-- YOUR ASSIGNMENT --
Would you please copy the part of the material below that opens with the line containing "Freightliner M2 Skříňová nástavba" and closes with the line containing "Volkswagen PASSAT B5.5"? Copy it exactly, and only it.

-- DATA FOR ANALYSIS --
[Start of section]
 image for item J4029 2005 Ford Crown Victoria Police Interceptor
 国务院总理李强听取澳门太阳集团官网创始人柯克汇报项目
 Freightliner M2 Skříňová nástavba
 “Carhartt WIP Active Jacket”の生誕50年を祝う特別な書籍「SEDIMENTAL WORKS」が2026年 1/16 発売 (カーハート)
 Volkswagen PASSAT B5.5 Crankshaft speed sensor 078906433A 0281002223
[End of section]
[Start of section]
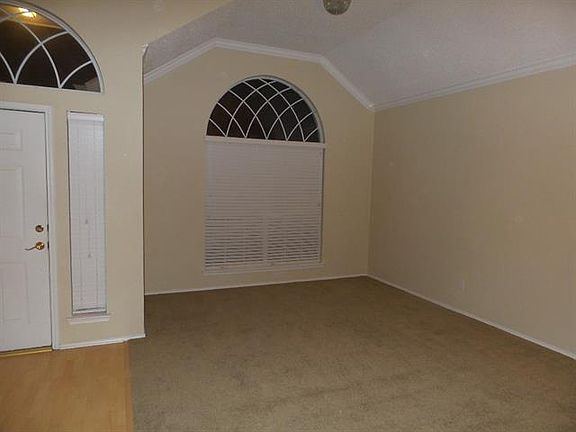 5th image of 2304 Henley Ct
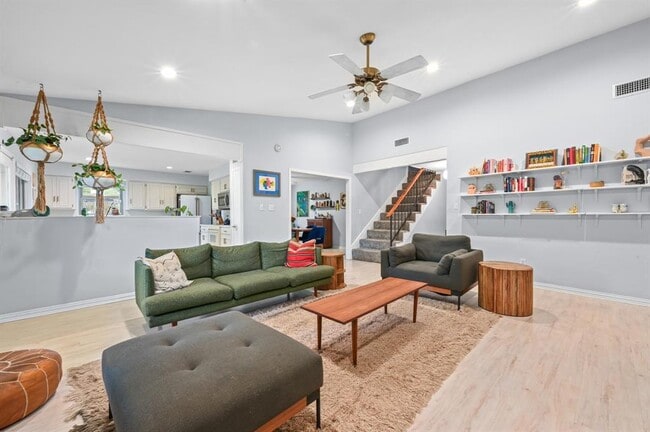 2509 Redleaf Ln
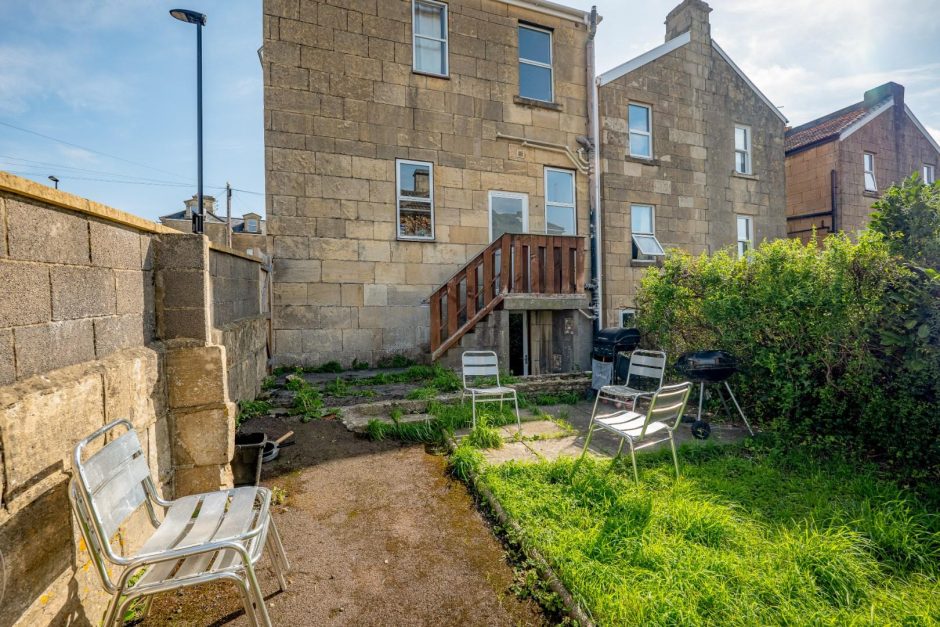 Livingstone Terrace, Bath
[End of section]
-- TASK RESULT --
 Freightliner M2 Skříňová nástavba
 “Carhartt WIP Active Jacket”の生誕50年を祝う特別な書籍「SEDIMENTAL WORKS」が2026年 1/16 発売 (カーハート)
 Volkswagen PASSAT B5.5 Crankshaft speed sensor 078906433A 0281002223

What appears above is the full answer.